Note that in this example, I chose #c=1# and #d=-4=-2^2#, so the quadratic factor factored cleanly.

If we want clean factorisations like this, we could use the alternative pattern:

#(ax+b)(cx-d)(cx+d) = (ax+b)(c^2x^2-d^2)#

#color(white)((ax+b)(cx-d)(cx+d)) = ac^2x^3+bc^2x^2-ad^2x-bd^2#

Jul 28, 2017

Answer:

Here is one way I've done it when writing exam questions.

Explanation:

Make sure that the first two terms have a common factor.

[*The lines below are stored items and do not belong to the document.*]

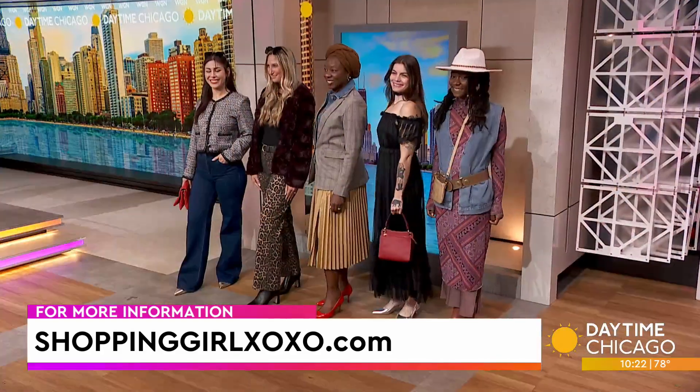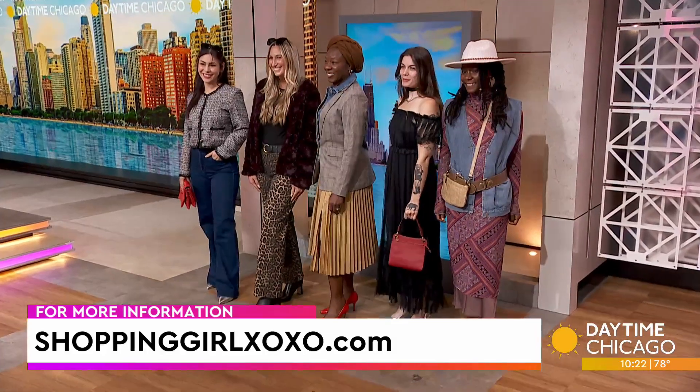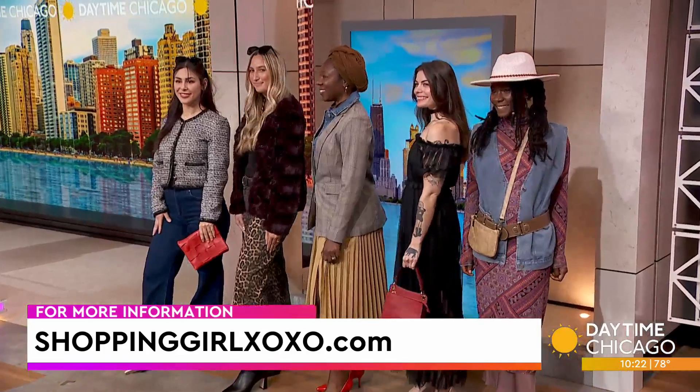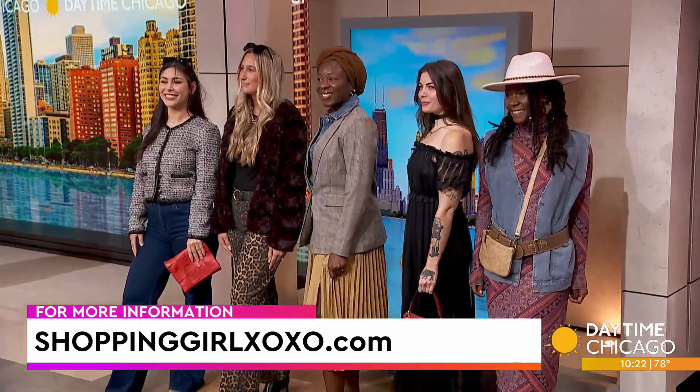Laura, this is very cute. Shoppinggirlxoxo.com is where you can find more info and see where each one of these pieces is from. All of these pieces are from LBD Boutique, a local Chicago boutique.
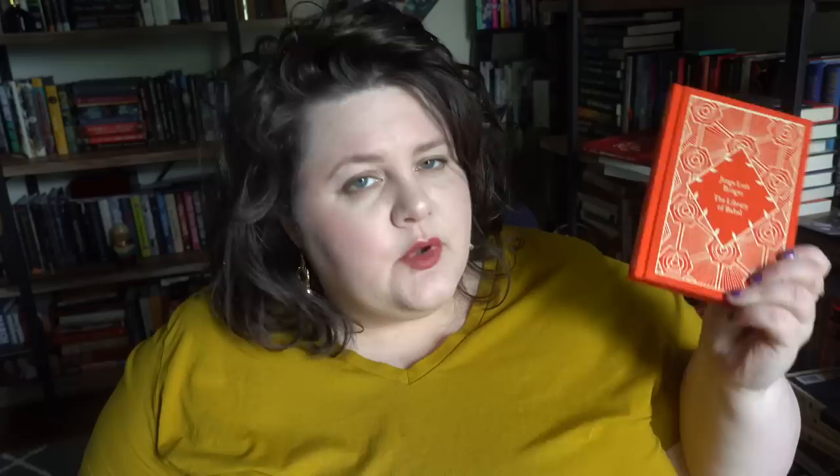We have Jorge Luis Borges, The Library of Babel. I really love the pattern and the sort of orangey red of this one. Borges is an author I've been meaning to read more of, so I'm very intrigued by this. And then last but not least, we have My Friend Maigret by Georges Simenon. This is the first book in the Maigret detective series. I have a different one on my TBR already because this is a series I've been meaning to try. So now I have to decide which one I'm going to try first, but I'm definitely very interested in this one. So those are all of the little clothbound classics, at least for now.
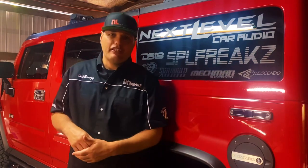I just want to give a quick shout out to Team SPL Freaks — awesome organization, proud to be a part of it.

Not a constant common factor, but something involving the variable.

Warning: This may lead to a polynomial that cannot be factored completely over the integers.

For example we might start with

#14x^5-49x^3#

There is a common factor of #7x^3#.

The other factor is #2x^2-7#

For our third and fourth terms we need a multiple of #2x^2-7# In order to avoid a common factor of #x# use a constant.

We could use the following:

#5# to get #14x^5-49x^3 + 5(2x^2-7) = 14x^5-49x^3+10x^2-35#
Which factors as #(7x^3+5)(2x^2-7)#

Neither of these factor can be factored over the integers.